Start of Data records

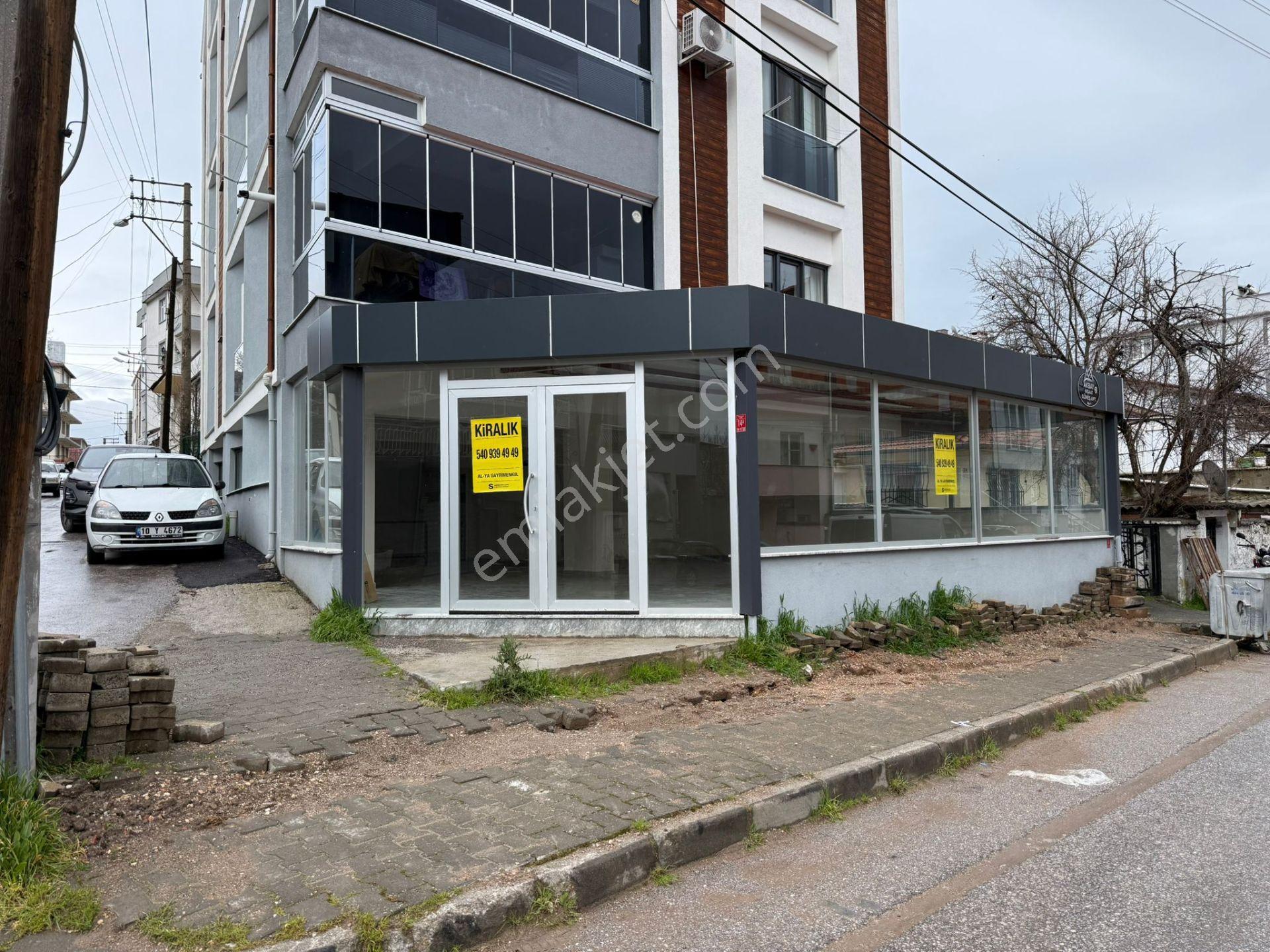 Maltepe Mahallesi Satılık Geniş Dükkan - Görsel 4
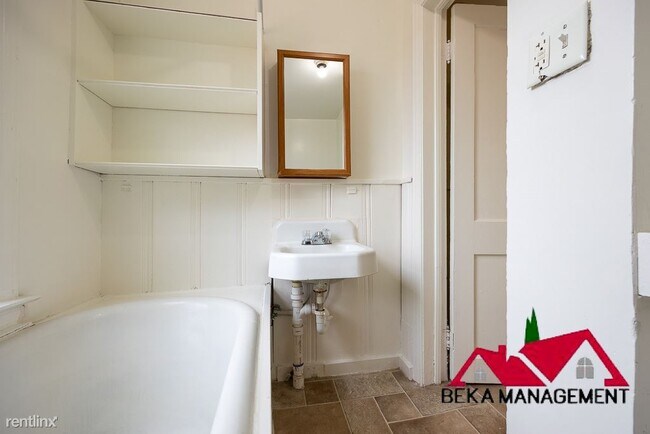 Building Photo - 2 br, 1 bath Triplex - 19336 Martin Rd Apt 3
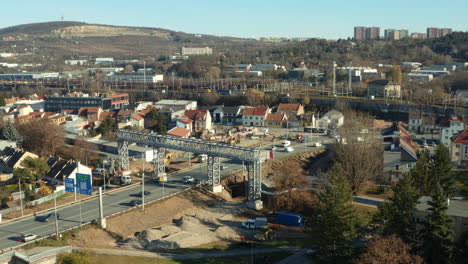 Tráfico-En-La-Gran-Carretera-De-La-Ciudad-De-Brno-En-La-Zona-Industrial-Suburbana,-República-Checa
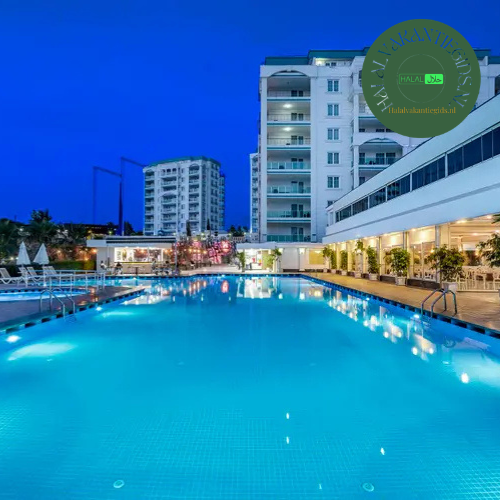 Modern Saraylar halal hotel Turkije zwembad avond verlichting Alanya all inclusive 2026 resort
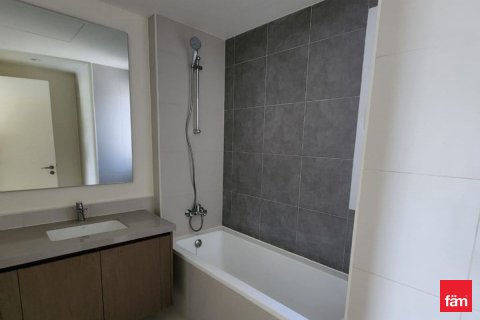 Снять в аренду квартиру в Дубае: 2 спальни, 155.9м², № 90269 - фото 7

End of Data records

*Required action*:
Excluding the images, return each record above precisely as written.

*Answer to the problem*:
 Maltepe Mahallesi Satılık Geniş Dükkan - Görsel 4
 Building Photo - 2 br, 1 bath Triplex - 19336 Martin Rd Apt 3
 Tráfico-En-La-Gran-Carretera-De-La-Ciudad-De-Brno-En-La-Zona-Industrial-Suburbana,-República-Checa
 Modern Saraylar halal hotel Turkije zwembad avond verlichting Alanya all inclusive 2026 resort
 Снять в аренду квартиру в Дубае: 2 спальни, 155.9м², № 90269 - фото 7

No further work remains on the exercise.